1992: Entertainers of the year -- The 12 heaviest hitters in entertainment, from the cast of ''SNL'' to Clint Eastwood

By David Browne
Updated December 25, 1992 at 05:00 AM EST

”It was definitely a situation for kids who didn’t want to go see the same old boring shit,” says Flea, the Red Hot Chili Peppers’ bassist and bleached-haired gremlin, more than fondly recalling this summer’s Lollapalooza ’92 tour. ”They could spend a whole day there, have a party, and see all different kinds of music. It was a totally positive, beautiful thing.”

If anybody wanted an eyeball-exploding glimpse at pop music in the ’90s, stopping by the Lollapalooza ’92 tour certainly would have done the trick. The nine-hour-plus concerts featured rap, crunching industrial rock, a couple of Seattle bands, and — lording over the whole carnival — four ornery white guys who played swaggering funk licks and whose strutting, shirtless lead singer, Anthony Kiedis, rapped as much as he sang.

If 1992 truly was the year of alternative rock — from Lollapalooza ’92’s nearly $20 million gross to the top 10 success of Pearl Jam to fashion designers cashing in on the ”grunge look” — then the Chili Peppers were its calendar boys.

”It was a very intense year,” says Flea, 30 (real name: Michael Balzary). ”We were able to communicate with a large number of people without changing, and we made a lot of money. Now I can take my friends out to eat whenever I want, and not have to skip out the back door.

”It’s completely insane how one song can make such a difference,” he adds, referring to the Chili Peppers’ breakthrough hit, the uncharacteristically subdued, even pretty, ”Under the Bridge.” And while he’s right — the song spurred the sale of 3 million copies of the group’s latest mosh-and-grind fest, Blood Sugar Sex Magik — the Chili Peppers are also the right band at the right whacked-out time.
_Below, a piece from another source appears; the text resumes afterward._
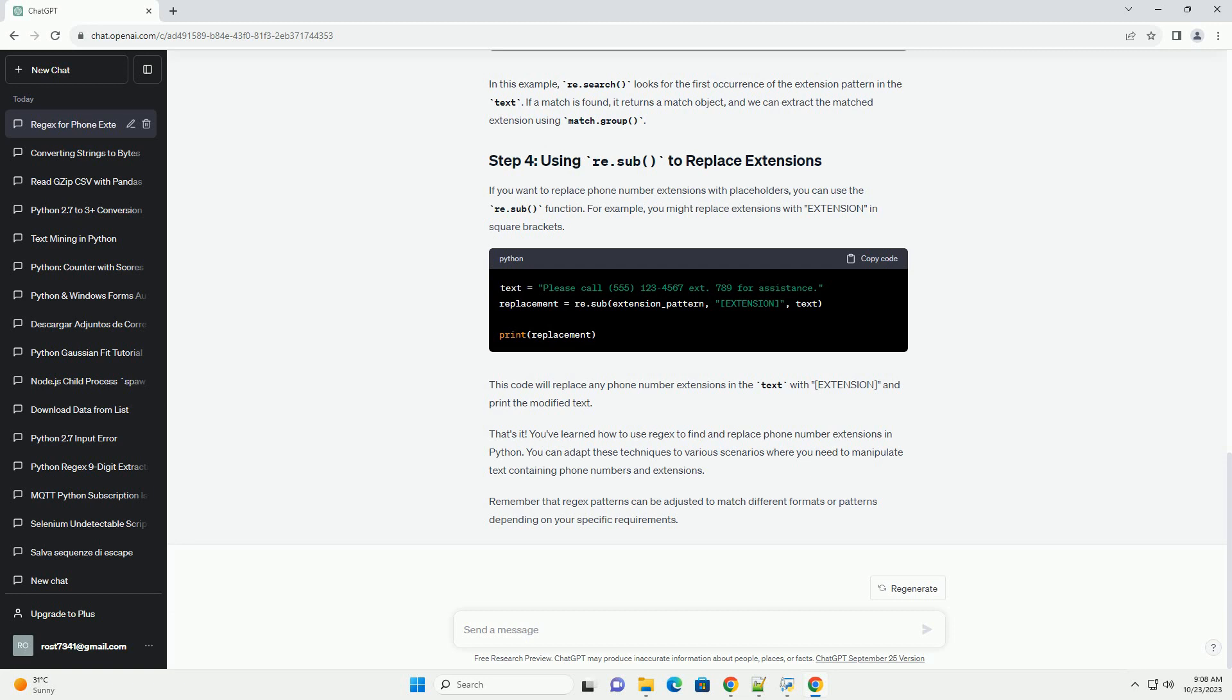Here's a regex pattern that matches phone number extensions. Now that we have our regex pattern, we can use the re.search function to find phone number extensions within a text. In this example, re.search looks for the first occurrence of the extension pattern in the text. If a match is found, it returns a match object, and we can extract the matched extension using match.group.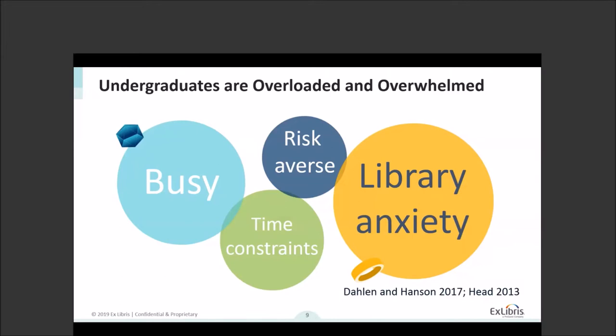We also see that they're risk-averse. They prefer familiar, predictable resources that they believe will deliver what they need. The majority of them really do experience library anxiety. Undergraduates are unfamiliar with how to navigate the library's resources, spaces, and technology. They can be intimidated by staff, and it can be really overwhelming. This can be even worse for those marginalized or underrepresented groups who walk into a library and don't see anyone that looks like them.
For most of the past decade, the Chili Peppers’ snotty musical Cuisinart of punk, rap, R&B, and metal was considered too gonzo. These days, though, punk funk (and the amorphous ”alternative rock”) is practically the norm, and the Chili Peppers now have across-the-board appeal. They’re streetwise frat boys who flaunt their sexual aggressiveness in the age of AIDS — and make for a good party band to boot.

The year didn’t go without its hitches; guitarist John Frusciante unexpectedly quit in the spring (he was quickly replaced by Arik Marshall). And, on a bigger level, the financial success of both Lollapalooza ’92 and the Chili Peppers seemingly contradicts the ”alternative” stance of everyone involved.

”Now all the bands that wanted to be Guns N’ Roses or U2 want to be Nirvana,” Flea groans. ”As soon as someone says, ‘Okay, alternative rock is big and that’s the thing that makes all the money now,’ then it eats itself alive.” Meet the new boss, same as the old boss — but at least the new boss sounds a little different.